The march was a Hollywood star-studded event
Popular actor and singer
Harry Belafonte used his star power to help bring other celebrities to
the March on Washington. Besides reaching out to the stars themselves,
Belafonte went to many of the studio heads in Hollywood to get prominent
actors and actresses temporarily released from their duties so they
He was successful. The
Hollywood list of attendees that day read like a who's who of A-listers:
Marlon Brando, Sidney Poitier, Lena Horne, Sammy Davis Jr., Charlton
Heston and Burt Lancaster, who also gave a speech.
But having the Hollywood
stars there wasn't just for show or for increased media attention. It
also helped calm President John F. Kennedy's nerves about the march.
"I believe that their
presence did a lot to assuage people who were preoccupied with the fact
there could be violence," Belafonte said.
"One of the things that I
said in my conversations with the Kennedys in discussing why they
should be more yielding in their support of our demonstration was the
fact that there would be such a presence of highly profiled artists --
that that alone would put anxiety to rest," he added.
"People would be looking at the occasion in a far more festive way."
One march worker fell asleep during MLK's speech
Back in 1963, college
student Patricia Worthy took a job answering phones for the March on
Washington's planning office. She had 10 phone lines to answer, and they
rang from the time she walked in until she left for the day.
"I recall one day I'll
never forget, I heard someone say, 'Where is this young lady who handles
the phone?' And finally I looked up, and there he was -- Dr. King --
and he said, 'I want to meet this young lady. She has put me on the hold
twice, and hung up on me once, and I want to know who she is.' "

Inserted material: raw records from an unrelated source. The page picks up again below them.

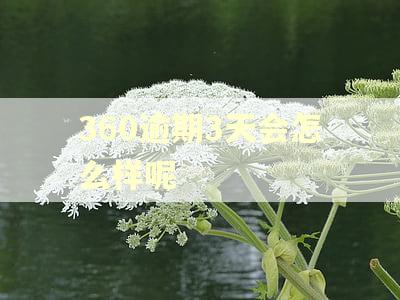 360逾期3天会怎么样呢
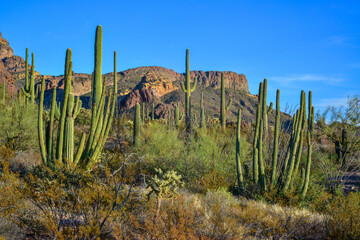 Group of large cacti against a blue sky (Stenocereus thurberi) and Carnegiea gigantea. Organ pipe...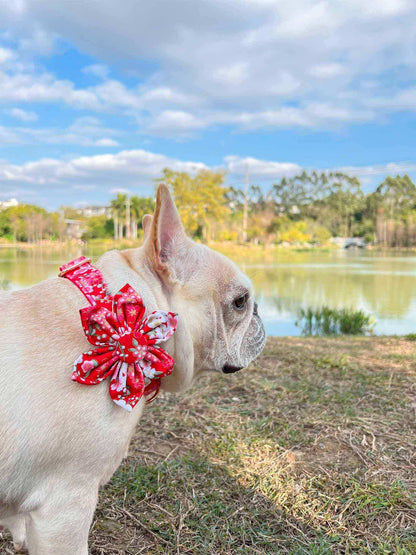 Dog Red Flower Collar - Frenchiely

Worthy said she was "so embarrassed," but then the civil rights icon gave her a hug.
By the day of the march,
she was so tired, she dozed off and accidentally slept through the
historic march and the "I Have a Dream" speech.
Everything worked out for her in the end: Worthy had a successful legal career and now teaches law at Howard University.
Another hitchhiked all the way from Alabama only to have MLK check in on him
Robert Avery and two of
his friends hitchhiked nearly 700 miles from Gadsden, Alabama, to
Washington to participate in the march.
Avery, who was 15 years
old at the time, was no stranger to the dark side of the civil rights
movement. A few months earlier, he was struck by a cattle prod wielded
by Alabama police during anti-segregation demonstrations in Gadsden.
The three youths arrived
in the nation's capital a week before the march after three days of
hitchhiking, and they were put to work making signs for the event.
At one point, King
walked in and asked for them. He had been in Gadsden the night before,
and their parents had asked the civil rights leader to check on them.
King sat down with the three and talked to them for about 20 minutes, asking them about their dreams, Avery later recalled.
'I Have a Dream' beat JFK's 'Ask not what you can do' speech
There's no doubt that
King's speech was the most memorable part of the March on Washington.
It's still taught in school, and memorized by children, half a century
But how does it compare
against other pivotal speeches by 20th century leaders, such as John F.
Kennedy or Franklin D. Roosevelt?
Well, a panel of more than 130 scholars got together in 1999 to rate the best speeches of the 20th century and King's speech ranked No. 1.